Çin, Dünya Ticaret Örgütüne girebilmek için DTÖ ve Dünya Bankasının direktifleri dogrultusunda hareket ediyor. Bundan dolayı maden işletmesinin iflasını açıkladı. İşletme Kasım 99da kapatıldı. Bardagı taşıran son damla ise, 20 bin maden işçisine tazminat olarak bir kereligine mahsus, her çalışma yılı için 68 Amerikan doları ödenmesi oldu.
Yangjiazhanzıdeki bu işçi ayaklanması sadece bir başlangıç. Çünkü Çinin kuzeydogusunda çok sayıda sanayi işletmesi kapanma tehlikesiyle yüzyüze bulunuyor. Çalışma Bakanının Mart ayında yaptıgı açıklamaya göre, protesto eylemlerinin iki ana nedeni var. 600 bin emeklinin emekli maaşlarının tam zamanında ödenmemesi ve işten atılan 700 bin işçinin işsizlik parası alamaması.
Çinde farklı sosyal kesimlerin de eylemlilikleri gelişiyor. Örnegin Mart ayında 3 bin kişi Shanghai-Pekin hattında demiryolunu işgal ederek 42 treni durdurmuşlar ve yüksek faiz vaad ederek ceplerindeki son kuruşlarına kadar çeken bir investment firmasının kapatılmasını protesto etmişlerdi.

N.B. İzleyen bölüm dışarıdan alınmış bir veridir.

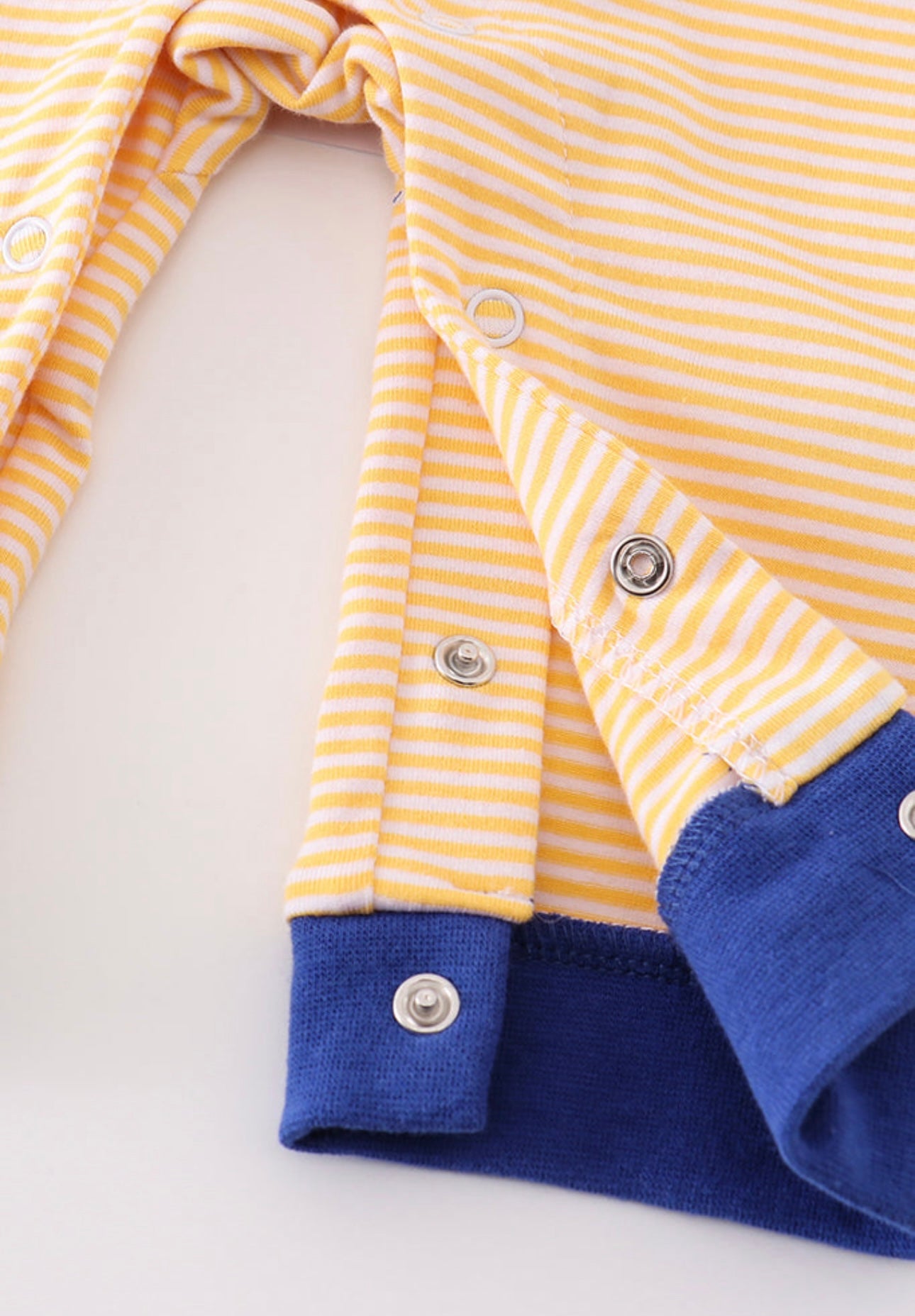 Yellow stripe Tools applique romper
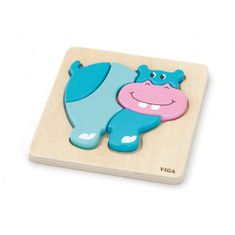 Viga Toys Prvé drevené puzzle pre batoľatá Hippo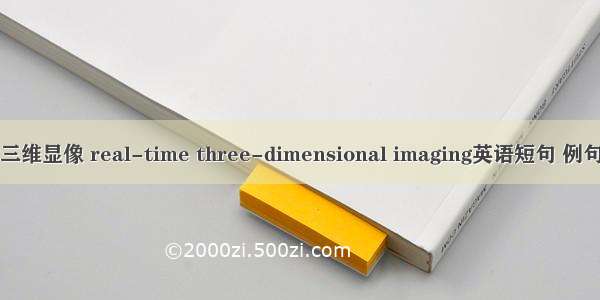 实时三维显像 real-time three-dimensional imaging英语短句 例句大全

Kasım ayında ipek fabrikasında çalışan binin üzerinde işçi iki günlük greve gitti ve kentin ana caddesini işgal etti. İşçiler bir yıldır ücretlerini alamıyorlar ve fabrikalarının kapanacagından korkuyorlardı. Sokaklara kurdukları barikatlar polisin saldırılarıyla dagıtılabildi. Yine Kasım ayında Sichuan yakınlarındaki bir maden ocagında 500 işçi tren yolunu işgal ederek saatlerce ulaşımı durdurdular. Burada da işçilerle polis arasında sert çatışmalar yaşandı. İşçiler işyerinin iflas ilanı verilerek kapatılmasını protesto etmişlerdi.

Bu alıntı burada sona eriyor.